Thing is, you’re not a shit-flinging gibbon.

You’re a writer.

Your most valuable asset is, ideally, your writing.

If it’s not, that’s a problem. A problem with you, to be clear, and not a problem with the rest of the world. It rests squarely upon your shoulders.

If your best way to get attention for yourself is to throw shit instead of write a damn good book, you are a troll, not a professional writer.

Your best advertising for yourself as a writer is to write the best book you can write.

Your best advertising for the last book you wrote is the next book.

Your best boost to your career is to be the best version of yourself. Online, in-person, all-around — summon the ideal version of yourself and present that face to the world, to your potential audience. That is how you earn your audience. You don’t build them. Your audience isn’t a fucking chair. They are a group of people who you can, in part, earn as readers and as fans. (I say in part because you can never please everybody, nor should you try.)

If the best version of yourself is a shit-flinging gibbon, you’re in trouble.

And certainly someone here is saying, But you just said you can’t please everybody, so why can’t I just be a shit-flinging gibbon? Well, you can be. It’s an option. It’s a tactic. It’s just a bad one. It’s one that leads with a broken foot. You’re saying, “I’m a writer,” and yet, you’re not leading with your work. You’re leading with antics. You’re leading with a toddler tantrum. No book will earn the love of a whole audience, but the book is still the point. And shit-flinging gibbons are not excellent sellers of, or writers of, books.

Now, most of you, I assume, are not shit-flinging gibbons. Your judgment is dubious — after all, you come here to read whatever hot piffle comes belching up out of my thought-hole — but at the very least, I safely assume few of you are monkeys who fling poo. And despite this, the overarching lesson is still true: most writing problems are solved by writing.

Having a problem getting traction in the book you’re working on? Write your way through it. Put words on paper. Agitate the writing with writing.

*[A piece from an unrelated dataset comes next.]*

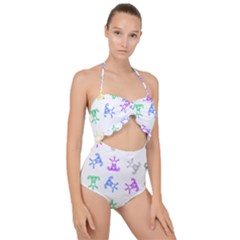 Rainbow Clown Pattern Scallop Top Cut Out Swimsuit by Amaryn4rt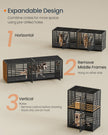 Heavy-Duty Dog Crate Cage – Metal – Ink Black – Expandable with Removable Tray and Lockable Wheels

Having a problem even still? Rewrite it.

Having a problem marketing this book? Write the next book.

Having a problem with author drama or publishing nonsense? Distract yourself by, yep, you guessed it, writing something.

Can’t sell this book? Write another book.

Writing is a key to a door. It is a finely-crafted, articulate key. It is the best and shiniest artifact in your arsenal. Yes, you can try to kick the door down. Yes, you can try to bash it open with another author’s head. But your own writing is the best key you have, so use it.

No, it’s not a skeleton key. It doesn’t open all doors. Sometimes the act of writing is also about not writing — about waiting, ruminating, outlining, reading, living, about punching frozen beef, about drinking gin-and-tonics, about hunting whales and ingesting whole hummingbirds and okay you know what, I think I lost the narrative thread here a little. Point being, writing isn’t always about writing.

But the career, overall, is.

This is true however you publish, whatever you write.

Writing begets writing. Writing sells writing.

Writing is an act of doing. It is an act of making.

It is also an act of persevering.

And surviving.

A lot of writers simply can’t hack it, so they quit. The road ahead and behind you is littered with the corpses of writers who just couldn’t hack it. (And spoiler alert, some of them are the desiccated carcasses of shit-flinging gibbons.) They couldn’t deal, so they gave up and gave in.

Writing is you not quitting. It’s you taking a bite and digging your teeth deeper like a cranky-ass bulldog who refuses to let go. It isn’t you being a crap-tossing primate.

Be the best version of yourself.

Let your writing be the guide.

Write the greatest damn book you can write.

And don’t be a shitty monkey.

The end.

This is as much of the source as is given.